BEGIN SUPPLIED ENTRIES
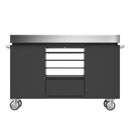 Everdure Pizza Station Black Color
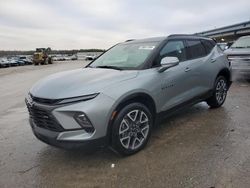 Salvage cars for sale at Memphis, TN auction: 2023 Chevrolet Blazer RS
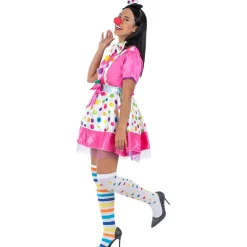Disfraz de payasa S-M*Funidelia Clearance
END SUPPLIED ENTRIES
BEGIN SUPPLIED ENTRIES
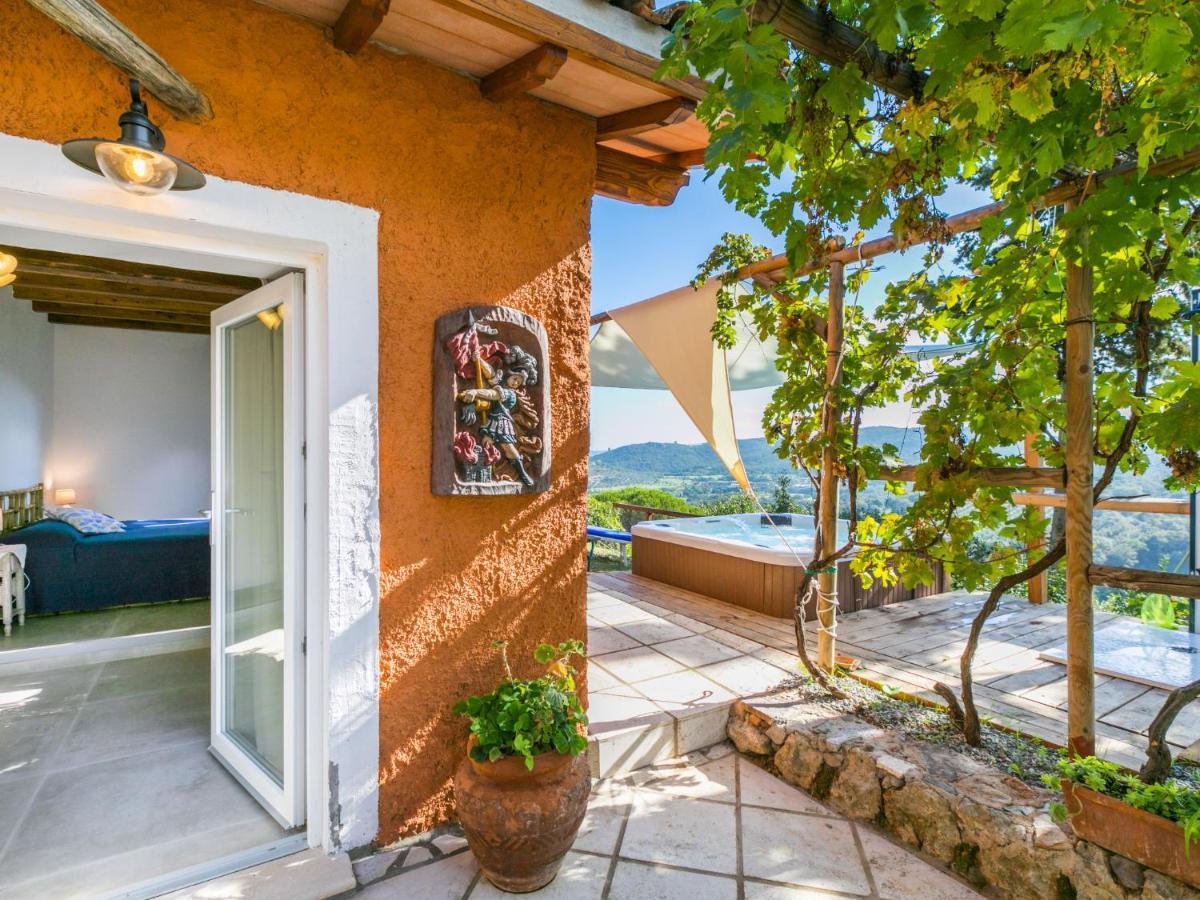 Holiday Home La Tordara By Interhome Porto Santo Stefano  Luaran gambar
END SUPPLIED ENTRIES
BEGIN SUPPLIED ENTRIES
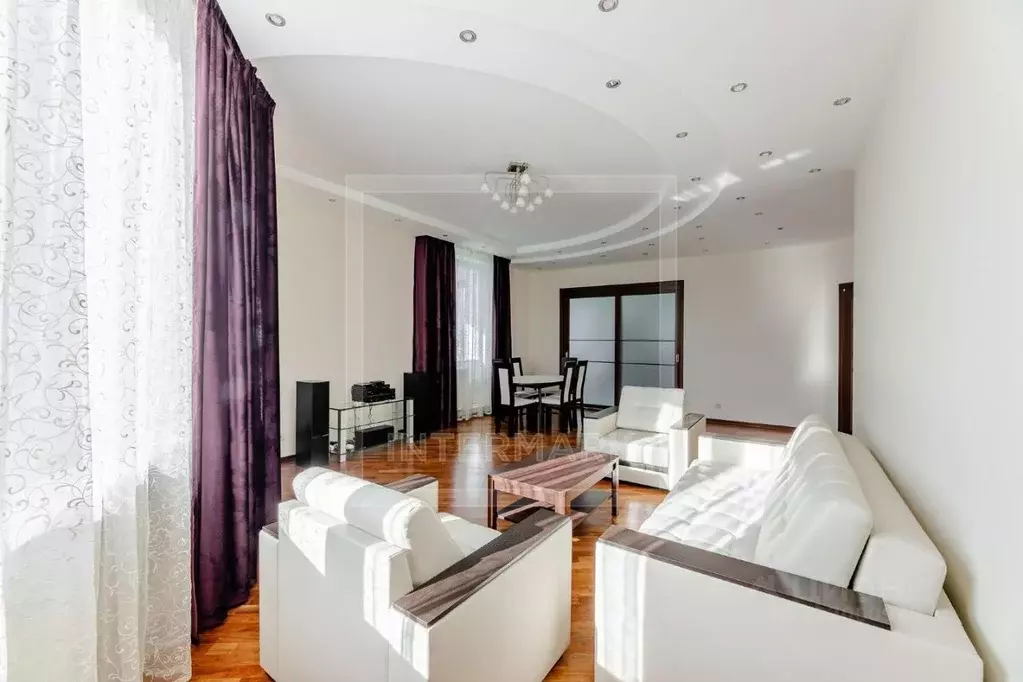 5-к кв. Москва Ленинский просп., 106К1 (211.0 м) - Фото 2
END SUPPLIED ENTRIES
» **EXERCISE REQUIREMENTS**
The copy should hold exactly the lines above from the one with "Everdure Pizza Station Black Color" through the one with "Disfraz de payasa S-M*Funidelia Clearance", both ends counted, and no pictures at all.

» **EXERCISE RESPONSE**
 Everdure Pizza Station Black Color
 Salvage cars for sale at Memphis, TN auction: 2023 Chevrolet Blazer RS
Disfraz de payasa S-M*Funidelia Clearance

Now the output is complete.